Plastikfreies Picknick: Umweltfreundliche Verpackungen für Proviant

Die Temperaturen steigen, die Tage werden immer länger und die meisten Menschen wollen so viel Zeit wie möglich an der frischen Luft verbringen. Für den perfekten Tag im Park, darf es natürlich nicht an Proviant fehlen. Doch eingepackte Snacks sowie Getränke in Plastikflaschen und Dosen verursachen Müll. Hier verraten wir Tipps, wie sich die Leckereien umweltfreundlich transportieren lassen.

Picknick: Salate und Fingerfood

Der beste Tipp, um Plastik in Parks und an anderen öffentlichen Plätzen zu vermeiden, ist, Verpackungen dieser Art gar nicht erst mit nach draußen zu nehmen. Leichter gesagt als getan? Sie werden staunen. Es gibt viele verschiedene Möglichkeiten für ein plastikfreies Picknick – es muss nicht immer der Plastikbehälter sein oder Einwegbesteck sein.

Drei Tipps für weniger Plastik im Alltag

1. Rigoros auf Plastiktüten verzichten

Frisches Obst oder das Grillgut lassen sich auch anders als in einer Plastiktüte in den Park transportieren. Für Obst gibt es mittlerweile wiederverwendbare Netze oder Beutel, die nach dem Gebrauch einfach in die Waschmaschine kommen. Das Fleisch und leckere Dips verstauen Sie einfach in einer Transportbox aus Edelstahl. Anschließend wandert der Proviant für den plastikfreien Transport in einen Korb oder in den Rucksack.
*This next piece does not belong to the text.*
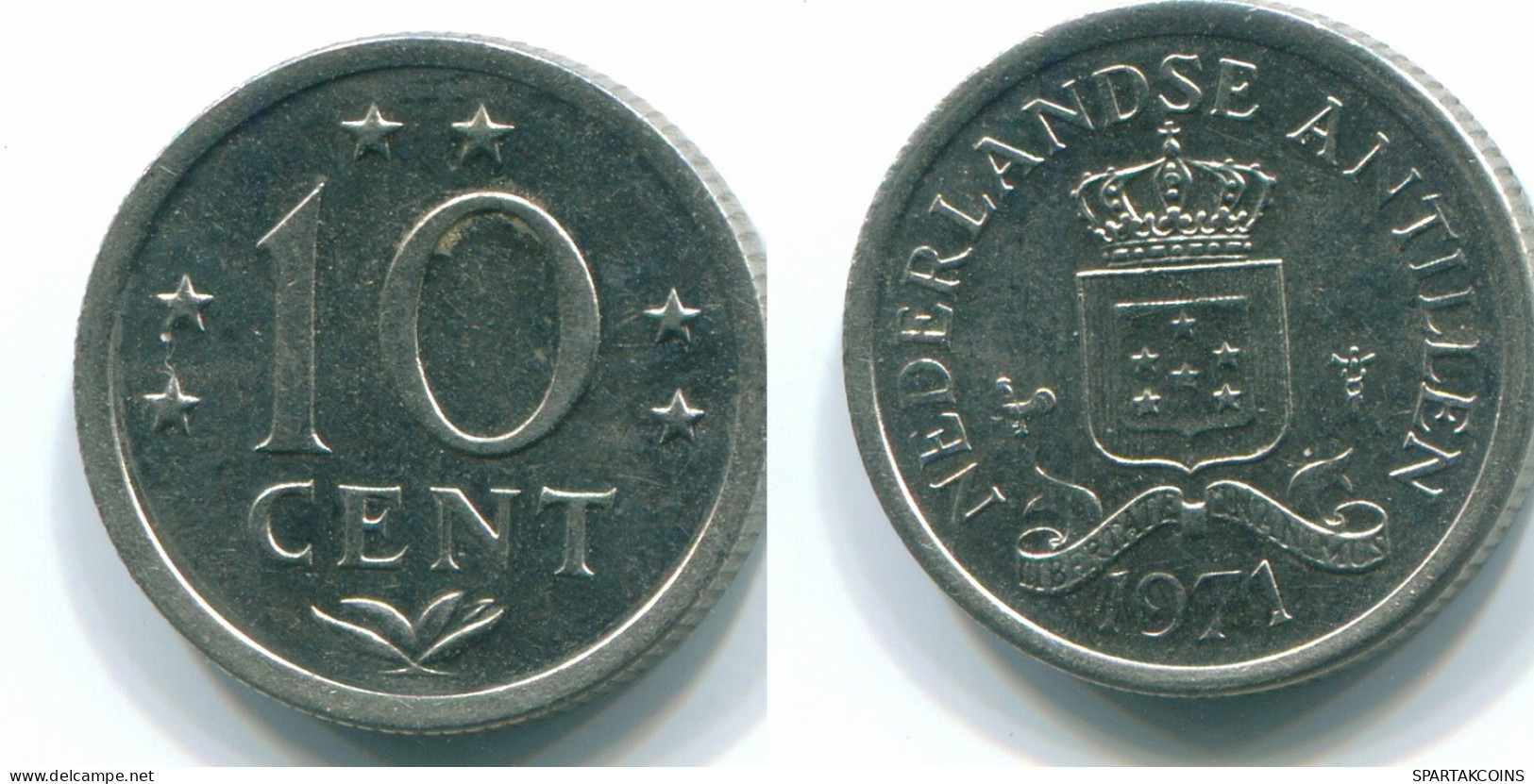 10 CENTS 1971 ANTILLAS NEERLANDESAS Nickel Colonial Moneda #S13482.E.A - Netherlands Antilles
2. Optionen für wiederverwendbares Geschirr kennen

Klar, wer nimmt zum Barbecue-Treff im Park schon sein bestes Porzellan und sein gutes Besteck mit? Bei Messer, Gabel und Teller auf die Mehrwegvariante zurückgreifen oder mal in der Campingabteilung stöbern. Dort gibt es Besteck und entsprechende Teller aus Edelstahl. Die sind nachhaltig und leicht. Alte Einmachgläser lassen sich übrigens sehr gut zu Cocktail- oder Saftgläsern umfunktionieren.

3. Proviant umweltfreundlich einwickeln

Wickeln Sie belegte Brötchen für den Transport in ein Baumwolltuch. Dieses können Sie hinterher super als Serviette benutzen – eine super Alternative zu der Variante aus Papier. Eine weitere Option sind Wachstücher. Sie sind im Handel erhältlich, können aber auch selbst hergestellt werden. Dafür wird nicht mehr benötigt, als ein Stück Baumwollstoff, drei Esslöffel Bienenwachs und ein Esslöffel kaltgepresstes Mandelöl. Das Wachs in einem Topf erhitzen und mit dem Öl vermengen. Das Tuch auf ein Stück Backpapier legen. Das Wachs dünn und gleichmäßig von einer Seite auf das Tuch auftragen. Ein zweites Backpapier darauf legen und mit einem Bügeleisen darüber gleiten. Dabei schmilzt das Wachs erneut und durchzieht gleichmäßig den Stoff. Das fertige Wachstuch vom Backpapier abziehen und an der Luft trocknen lassen.